Although equipment can be incorporated into any boot camp routine, a good program can be run with almost no equipment. Much "real" military fitness instruction takes place with large groups on open fields. Push-ups, jumping jacks and running have been performed for exercise as long as humans have been exercising, and what was good for the Spartans is just as good for us. As long as the boot camp instructor develops varied, organized and interesting routines, an effective program can be run with nominal equipment at virtually no cost.

Revenue-generating or free?

Whether you decide to offer your boot camp program at additional cost to members or as a benefit of membership (free) depends on the management style of your facility. Do you see programs as an avenue to create revenue, or as contributing to revenue by attracting more members? If programs are expected to contribute positively to revenue, the boot camp program must be packaged and marketed so that it can be filled with paying participants. If the class is seen as a benefit of membership, it must be packaged and marketed so that people will join the class and remain members in order to continue participating in the program (and other parts of the fitness center). Either way, a solid boot camp program can positively contribute to the bottom line, if run effectively.

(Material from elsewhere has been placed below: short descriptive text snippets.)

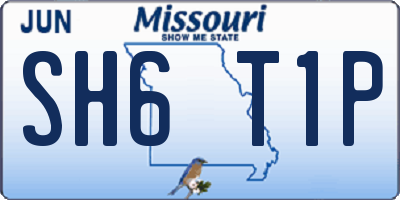 MO license plate SH6T1P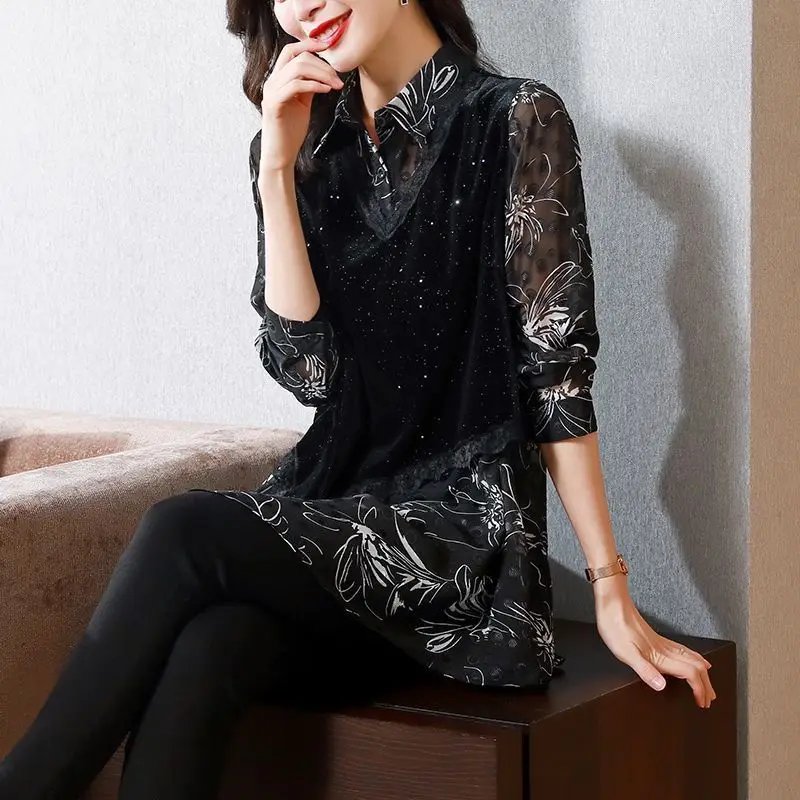 

Fashionable Floral Print Chiffon Blouse Women's Mid-Length Collared irt Spring Autumn Seasonal Long Sve V-Ne Design TT262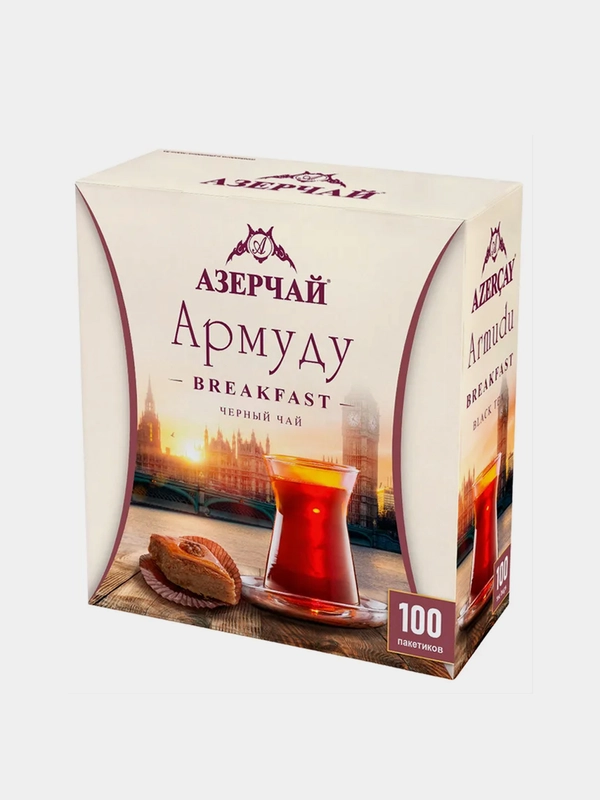 Чай черный АЗЕРЧАЙ Армуду Breakfast, 100 пакетиков по 1,6 г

Marketing a boot camp program is no different than marketing any other class or program. Word of mouth is usually the best way to attract new students, and in the long run, is how the majority of students come to a new class. Initially, though, it is important to get the word out to your members by direct mail, flyers in the fitness center, a facility marquee, emails, newsletter, website, etc. Whatever you can do to pump up the class will help. Incentive programs are a great way to keep students involved. In the boot camp program at the Waukegan Park District in Waukegan, Ill., every student gets a Boot Camp Card the first time they attend, and the instructor signs it after every workout (the card itself is a pretty cool keepsake). After every 20 workouts, the student gets a T-shirt adorned with a humorous phrase like, "Thank You Sir. May I Have Another?" or "The Beatings Will Stop Once Morale Improves." Of course, the T-shirts also have the fitness center's name somewhere to help promote the facility. T-shirts or other giveaways are a great way to promote your program, and a fun incentive to keep students coming back.

Now get out there and train!

Boot camp programs are a great way to attract members to your group exercise program, and provide them an opportunity to experience intense fitness training. How well a boot camp program will do depends primarily on the instructor and their ability to devise, develop and implement an interesting program. Additionally, that instructor has to lead from the front physically and possess a dynamic, motivating personality without being seen as self-centered or arrogant. Put together properly, boot camp programs can be fun and entertaining, and can evolve into an identifying feature of any fitness center.